- Two small aircraft are expected today to launch an attack against the gregarious and highly-mobile insects. Locusts have also been sighted in neighbouring Simanjiro District, Manyara Region
Arusha. The battle against swarms of desert locusts sighted in Longido District, Arusha Region is set to begin anytime soon.
Two small aircraft are expected today to launch an attack against the gregarious and highly mobile insects.
It also emerged yesterday that swarms of locusts have also been located in Simanjiro District in neighbouring Manyara Region.
Longido District Commissioner Frank Mwaisumbe said swift intervention by the government was already in gear.

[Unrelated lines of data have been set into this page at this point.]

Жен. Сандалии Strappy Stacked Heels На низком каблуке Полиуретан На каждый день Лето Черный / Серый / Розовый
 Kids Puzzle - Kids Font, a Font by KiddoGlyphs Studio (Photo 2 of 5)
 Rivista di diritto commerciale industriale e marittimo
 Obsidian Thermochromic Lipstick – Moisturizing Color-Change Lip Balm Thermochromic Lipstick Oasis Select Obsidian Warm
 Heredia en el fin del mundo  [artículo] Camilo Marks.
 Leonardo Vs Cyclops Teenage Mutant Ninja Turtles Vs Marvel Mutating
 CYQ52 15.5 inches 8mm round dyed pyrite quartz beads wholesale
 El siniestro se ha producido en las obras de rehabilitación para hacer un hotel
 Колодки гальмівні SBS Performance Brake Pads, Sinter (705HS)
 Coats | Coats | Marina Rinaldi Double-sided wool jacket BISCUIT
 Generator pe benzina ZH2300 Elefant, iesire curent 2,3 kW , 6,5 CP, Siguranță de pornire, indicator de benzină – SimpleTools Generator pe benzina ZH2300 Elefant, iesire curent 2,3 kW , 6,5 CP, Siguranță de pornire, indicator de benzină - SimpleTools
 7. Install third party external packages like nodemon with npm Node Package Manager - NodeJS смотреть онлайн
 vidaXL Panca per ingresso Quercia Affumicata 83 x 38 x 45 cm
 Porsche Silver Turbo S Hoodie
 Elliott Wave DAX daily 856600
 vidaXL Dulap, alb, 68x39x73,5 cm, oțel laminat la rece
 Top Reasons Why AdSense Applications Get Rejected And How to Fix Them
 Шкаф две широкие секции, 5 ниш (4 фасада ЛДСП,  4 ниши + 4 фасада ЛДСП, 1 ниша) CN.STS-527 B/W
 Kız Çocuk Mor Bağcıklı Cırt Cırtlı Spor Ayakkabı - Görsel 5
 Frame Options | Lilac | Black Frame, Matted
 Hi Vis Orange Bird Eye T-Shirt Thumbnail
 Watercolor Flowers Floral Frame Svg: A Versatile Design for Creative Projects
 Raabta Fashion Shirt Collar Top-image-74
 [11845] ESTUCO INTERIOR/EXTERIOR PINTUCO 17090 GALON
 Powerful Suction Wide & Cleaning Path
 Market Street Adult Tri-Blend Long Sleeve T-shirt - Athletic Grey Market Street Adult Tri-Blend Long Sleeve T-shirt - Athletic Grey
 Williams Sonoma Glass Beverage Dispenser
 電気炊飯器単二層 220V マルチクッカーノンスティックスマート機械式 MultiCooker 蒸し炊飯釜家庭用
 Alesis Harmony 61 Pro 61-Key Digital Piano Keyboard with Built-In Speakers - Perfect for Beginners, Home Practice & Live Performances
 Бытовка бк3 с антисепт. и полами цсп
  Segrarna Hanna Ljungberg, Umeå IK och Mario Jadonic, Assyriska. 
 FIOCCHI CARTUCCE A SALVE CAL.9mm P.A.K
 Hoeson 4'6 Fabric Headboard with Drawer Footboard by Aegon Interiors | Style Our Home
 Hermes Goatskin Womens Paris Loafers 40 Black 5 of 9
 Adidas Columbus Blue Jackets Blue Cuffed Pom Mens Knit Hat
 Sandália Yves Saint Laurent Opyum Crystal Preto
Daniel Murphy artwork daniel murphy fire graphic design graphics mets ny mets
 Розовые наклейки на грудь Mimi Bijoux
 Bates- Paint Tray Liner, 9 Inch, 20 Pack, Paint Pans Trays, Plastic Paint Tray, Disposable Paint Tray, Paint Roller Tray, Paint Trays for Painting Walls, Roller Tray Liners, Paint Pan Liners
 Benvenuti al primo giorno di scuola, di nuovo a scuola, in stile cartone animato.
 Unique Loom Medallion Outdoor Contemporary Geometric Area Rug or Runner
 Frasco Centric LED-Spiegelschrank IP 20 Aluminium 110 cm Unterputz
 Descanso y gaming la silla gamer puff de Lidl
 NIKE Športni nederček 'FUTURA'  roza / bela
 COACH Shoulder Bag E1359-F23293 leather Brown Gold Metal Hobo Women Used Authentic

The minister for Agriculture, Prof Adolf Mkenda, was at the site yesterday alongside his permanent secretary Gerald Kusaya.
“The minister and his PS were here to see measures that have to be taken,” he told The Citizen on the phone.
Mr Mwaisumbe said two aircraft to be used for spraying will land today in Arusha ready for the work. One of the planes belonging to the UN Food and Agricultural Organization (FAO) will fly in from Nairobi.
The other is a local aircraft whose pilot has been out of the country but is expected back for spraying.
Mr Mwaisume, however, played down fears the insects would cause widespread damage to crops and the vegetation. “Samples taken indicate they are still in the non-feeding pupal stage. Once destroyed the battle will be almost over,” he allayed the fears.
He hinted that with two planes spraying would only take about three to four days. He noted, however, that that would depend on assessment by experts from the ministry of Agriculture.
Scores of experts from the ministry have been to Longido since Friday after reports emerged on the presence of locusts. Officials have not been categorical as to where the highly mobile insects were located but one of them is Kimokowa Village near the Namanga border town.
Speaking at Longido yesterday, the minister said locusts have also been sighted in Simanjiro District besides Longido. Prof Mkenda said experts from the Arusha-based Tropical Pesticides Research Institute (TPRI) would also be involved.
TPRI acting director general Ephraim Njau cautioned people not to eat the insects sprayed with the poisonous chemicals. In February 2020, FAO announced that desert locusts were destroying tens of thousands of hectares of crops and grazing land in north east Africa in the worst invasion in 25 years.
The UN warned that a dangerous situation is now facing the region and in particular eastern Ethiopia. Since this announcement, locusts have caused Somalia to declare a state of emergency and spread to other East African countries such as Kenya, Uganda, Tanzania, and most recently South Sudan.